(Collection entries)
§

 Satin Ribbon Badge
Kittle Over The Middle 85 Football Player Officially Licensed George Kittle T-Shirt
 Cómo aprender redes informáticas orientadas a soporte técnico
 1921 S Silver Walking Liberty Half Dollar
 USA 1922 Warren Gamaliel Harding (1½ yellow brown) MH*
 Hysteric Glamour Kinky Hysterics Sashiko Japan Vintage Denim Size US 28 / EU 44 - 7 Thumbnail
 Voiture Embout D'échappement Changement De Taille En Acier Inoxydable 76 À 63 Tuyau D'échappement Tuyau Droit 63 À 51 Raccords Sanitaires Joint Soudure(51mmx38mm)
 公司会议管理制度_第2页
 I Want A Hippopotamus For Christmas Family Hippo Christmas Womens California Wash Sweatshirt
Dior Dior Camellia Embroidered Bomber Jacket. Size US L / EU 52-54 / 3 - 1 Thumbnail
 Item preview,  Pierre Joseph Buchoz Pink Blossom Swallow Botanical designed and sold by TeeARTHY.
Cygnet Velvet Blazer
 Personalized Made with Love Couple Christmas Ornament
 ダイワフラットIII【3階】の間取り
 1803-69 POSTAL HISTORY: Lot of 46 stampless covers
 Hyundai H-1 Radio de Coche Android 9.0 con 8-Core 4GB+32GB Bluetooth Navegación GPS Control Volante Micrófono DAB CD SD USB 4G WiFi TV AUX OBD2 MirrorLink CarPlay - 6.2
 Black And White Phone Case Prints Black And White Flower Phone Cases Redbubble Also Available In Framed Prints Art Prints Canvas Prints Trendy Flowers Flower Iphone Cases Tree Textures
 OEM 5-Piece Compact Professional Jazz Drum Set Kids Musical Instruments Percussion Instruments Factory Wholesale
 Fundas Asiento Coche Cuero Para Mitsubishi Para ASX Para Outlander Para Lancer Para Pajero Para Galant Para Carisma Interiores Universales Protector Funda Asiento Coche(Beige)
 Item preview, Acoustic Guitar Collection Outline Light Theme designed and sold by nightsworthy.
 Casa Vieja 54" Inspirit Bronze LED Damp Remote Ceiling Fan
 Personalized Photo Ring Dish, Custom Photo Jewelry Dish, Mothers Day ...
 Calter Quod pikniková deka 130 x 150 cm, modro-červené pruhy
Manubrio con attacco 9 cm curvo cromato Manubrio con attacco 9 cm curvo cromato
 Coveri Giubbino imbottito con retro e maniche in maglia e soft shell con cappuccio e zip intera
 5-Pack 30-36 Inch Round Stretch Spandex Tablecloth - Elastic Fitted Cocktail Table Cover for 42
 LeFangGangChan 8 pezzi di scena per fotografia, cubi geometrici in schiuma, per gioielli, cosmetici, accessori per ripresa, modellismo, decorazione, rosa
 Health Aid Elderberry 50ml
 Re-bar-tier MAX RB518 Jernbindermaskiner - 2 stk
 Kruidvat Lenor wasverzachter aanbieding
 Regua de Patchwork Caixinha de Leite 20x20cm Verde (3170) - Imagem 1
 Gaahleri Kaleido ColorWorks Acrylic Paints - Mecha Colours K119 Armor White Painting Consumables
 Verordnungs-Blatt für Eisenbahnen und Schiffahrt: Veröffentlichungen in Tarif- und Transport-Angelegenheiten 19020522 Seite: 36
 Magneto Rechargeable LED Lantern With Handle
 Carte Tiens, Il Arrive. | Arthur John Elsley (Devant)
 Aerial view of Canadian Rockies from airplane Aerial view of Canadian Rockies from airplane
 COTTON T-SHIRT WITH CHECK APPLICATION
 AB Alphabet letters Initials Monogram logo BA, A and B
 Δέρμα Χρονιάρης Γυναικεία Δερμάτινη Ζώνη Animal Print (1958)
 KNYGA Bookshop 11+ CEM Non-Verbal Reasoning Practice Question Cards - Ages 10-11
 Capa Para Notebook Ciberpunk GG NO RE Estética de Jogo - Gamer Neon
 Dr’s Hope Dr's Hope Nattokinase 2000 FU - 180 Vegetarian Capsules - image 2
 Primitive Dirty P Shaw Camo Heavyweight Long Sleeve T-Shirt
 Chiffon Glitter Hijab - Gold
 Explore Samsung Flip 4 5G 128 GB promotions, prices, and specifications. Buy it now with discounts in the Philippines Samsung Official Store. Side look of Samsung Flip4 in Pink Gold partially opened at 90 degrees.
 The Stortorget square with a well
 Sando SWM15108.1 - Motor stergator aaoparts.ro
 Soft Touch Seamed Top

§

**REQUIRED WORK**
The expected answer is an exact copy of the lines above, beginning at the line with "sold by TeeARTHY." and ending at the line with "OEM 5-Piece Compact", with both ends in.

**FINISHED TASK**
 Item preview,  Pierre Joseph Buchoz Pink Blossom Swallow Botanical designed and sold by TeeARTHY.
Cygnet Velvet Blazer
 Personalized Made with Love Couple Christmas Ornament
 ダイワフラットIII【3階】の間取り
 1803-69 POSTAL HISTORY: Lot of 46 stampless covers
 Hyundai H-1 Radio de Coche Android 9.0 con 8-Core 4GB+32GB Bluetooth Navegación GPS Control Volante Micrófono DAB CD SD USB 4G WiFi TV AUX OBD2 MirrorLink CarPlay - 6.2
 Black And White Phone Case Prints Black And White Flower Phone Cases Redbubble Also Available In Framed Prints Art Prints Canvas Prints Trendy Flowers Flower Iphone Cases Tree Textures
 OEM 5-Piece Compact Professional Jazz Drum Set Kids Musical Instruments Percussion Instruments Factory Wholesale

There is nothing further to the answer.